Работать в таком удрученном состоянии было невозможно, и я решился на последние деньги разослать в Россию телеграммы с предложением своих гастролей, ставя непременным условием присылку аванса не менее 500 рублей. Послал я в Одессу к Владыкину, в Мелитополь к Омарскому и в Екатеринослав к Курскому. И от всех трех был получен благоприятный ответ с просьбой немедленно телеграфировать, когда выезжаю и какой пьесой начинаю гастроли. Таким образом я получил аванс от троих предпринимателей в 1500 рублей и, конечно, сейчас же отвел душу, измученную столькими тяжелыми переживаниями. Очень захотелось забвенья, хотелось скорее вырвать из себя скорбное и мучительное настроение… Дня три я пил и безумствовал. Назимова от моих буйств уехала в Петербург, а я продолжал кутить. Уехал с какой-то компанией в Вену, там, встретившись в каком-то ресторане с К. В. Бравичем, занял у него 100 рублей и отправился в Екатеринослав через Волочиск отыгрывать взятый аванс[100].

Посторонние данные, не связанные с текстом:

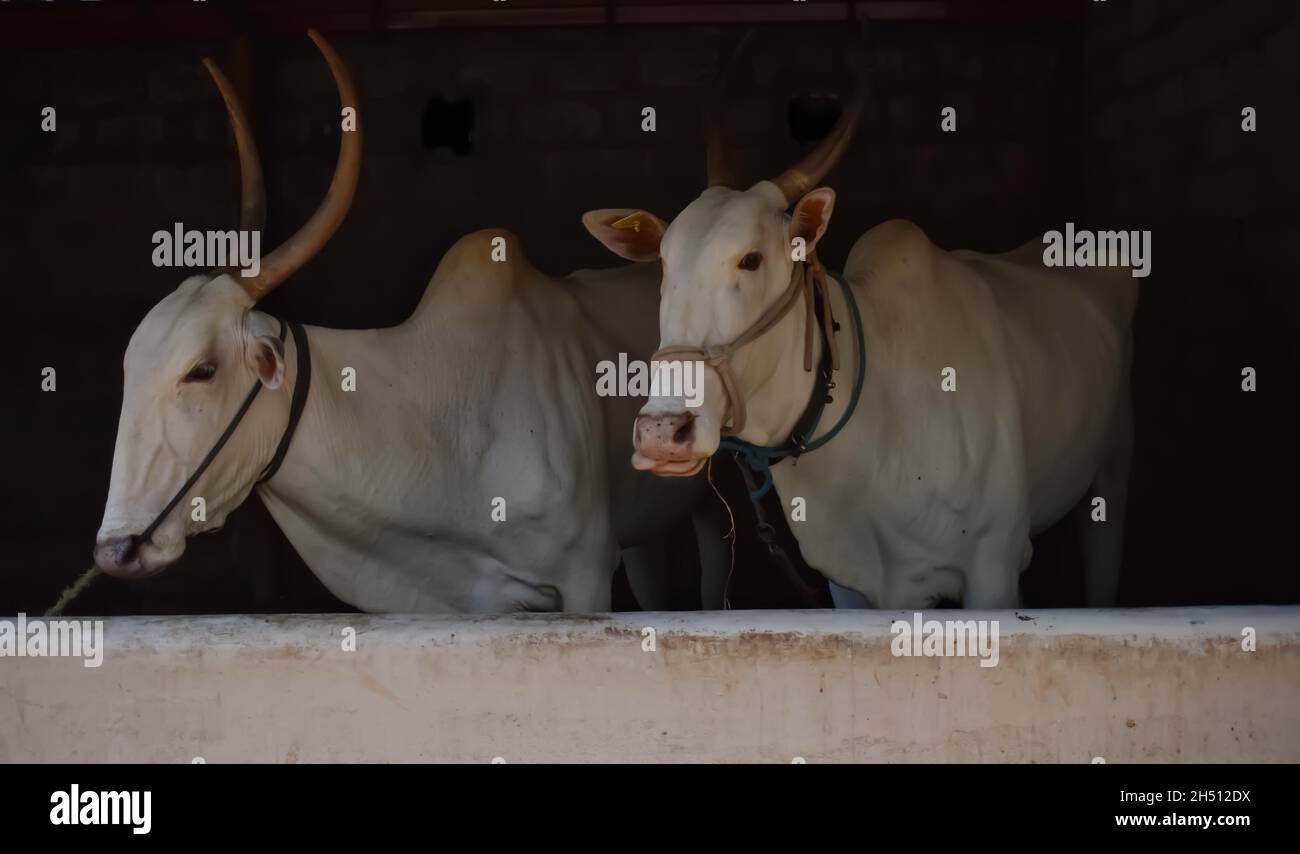 Gros plan sélectif d'une race de vaches indiennes indigènes appelée Hallikar Banque D'Images
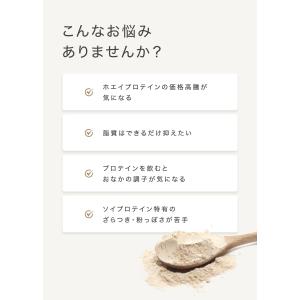 WINZONE エッグプロテイン 1kg バニ...の詳細画像2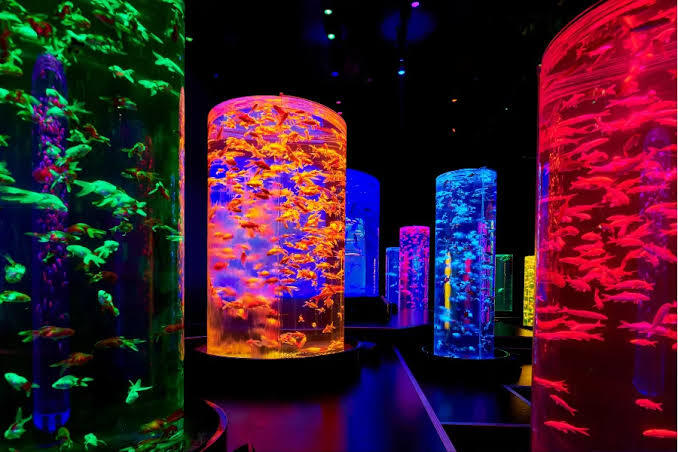 【浴衣DEお出かけ・銀座アートアクアリウム美術館🐠】幻想金魚の水中アート鑑賞｜初参加歓迎＆写真好き集まれ✨
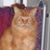 Marialyce Lavelle's profile image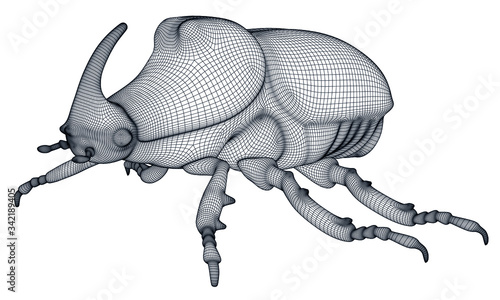 Vector illustration of a geometric polygonal rhinoceros beetle. Abstract linear insect.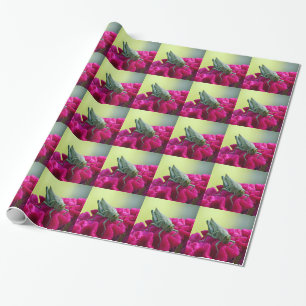 Grasshopper auf dem Cockscomb Geschenkpapier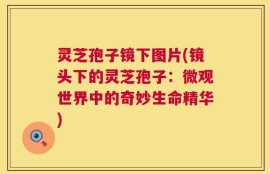 灵芝孢子镜下图片(镜头下的灵芝孢子：微观世界中的奇妙生命精华)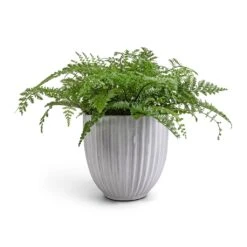 Lagos Plant Pot - Cement 15 Lagos Plant Pot - Cement -Indoor Plant Store Asplenium Parvati Mother Fern 17x40cm Lagos Plant Pot Cement 20x20cm 5045cd2a a65d 43f5 ac45 a5abee9f0caa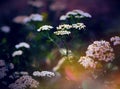 Close-up on a white yarrow plant in bloom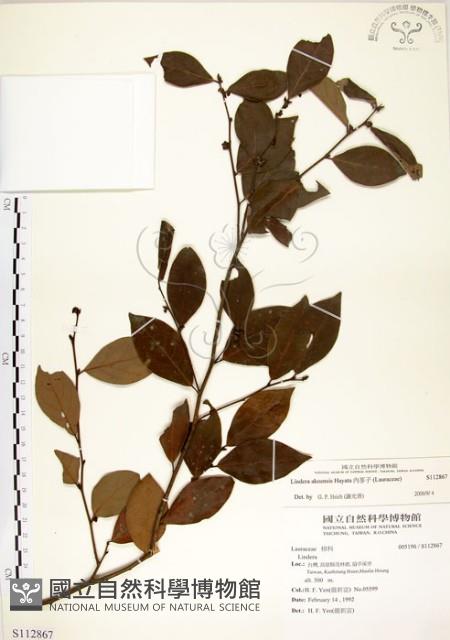 內苳子藏品圖，第1張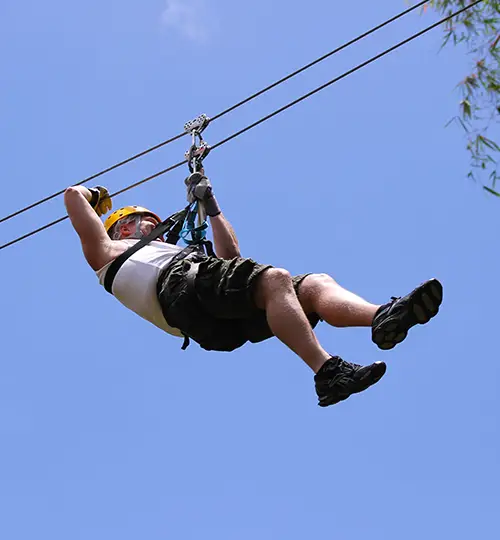 Canfostar - Zipline 8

Сыграв в Екатеринославе шесть-семь спектаклей, поехал в Мелитополь и там просидел довольно долго, переиграв по нескольку раз весь свой малочисленный репертуар. Меня уговорили сыграть в «Грозе» А. Н. Островского Тихона, а также в «Лесе» Аркашку. Помню, после «Леса» мне устроили маленький банкет, и я, возвращаясь домой часов в шесть утра, был перепуган каким-то неестественным лаем… Я шел один, осмотрелся кругом, нет нигде ни одной собаки, а лай все продолжается. Вдруг впереди я заметил необъятную фигуру, высовывающуюся из окна избы — хохочущую и скрывающуюся обратно… Я остановился заинтересованный. Так повторилось несколько раз. Я подошел ближе, — широкая физиономия, узнав меня, разразилась неистовым смехом и, замахав рукой, скрылась. Что-то знакомое почудилось мне. Через минуту ко мне выбежал актер, накануне в «Лесе» игравший Восмибратова, и с хохотом, весь какой-то сияющий и несуразный, бросился ко мне, расцеловал меня и стал до боли жать мне руки. Я насилу вырвался и просил объяснить, в чем дело. Он мне сказал, что вчерашняя пьеса «Лес» так всего его взбудоражила, что он решил ее взять к себе на дом и переписать ночью всю целиком. «Сижу, пишу, как дойду до сцены Аркашки, как вспомню вас, так и зальюсь, не могу сдержаться». — «Так зачем же вы в окно-то отсмеиваетесь и на прохожих ужас наводите?» — «Да у меня в избе-то жена спит да и девочка двухлетняя — я потревожить их боюсь, вот в окно-то и отхохатываюсь». Впечатление от этой необъятной фигуры и его добродушной, беспечной улыбки было непередаваемое. Я с ним с этой минуты подружился. Много и долго беседовали мы с ним по ночам, я рассказывал ему о своей жизни, о достижениях, страданиях и исканиях и о дальнейших планах, заветных и любимых. Проникшись моими мечтами, он просил меня дать ему возможность работать со мной, и я записал его адрес с тем, чтобы непременно в будущем его взять с собой. Это был Илья Матвеевич Уралов, начинавший свою карьеру на маленьких ролях в украинской труппе в Мелитополе и случайно, за неимением исполнителя в труппе Омарского, сыгравший со мной Восмибратова.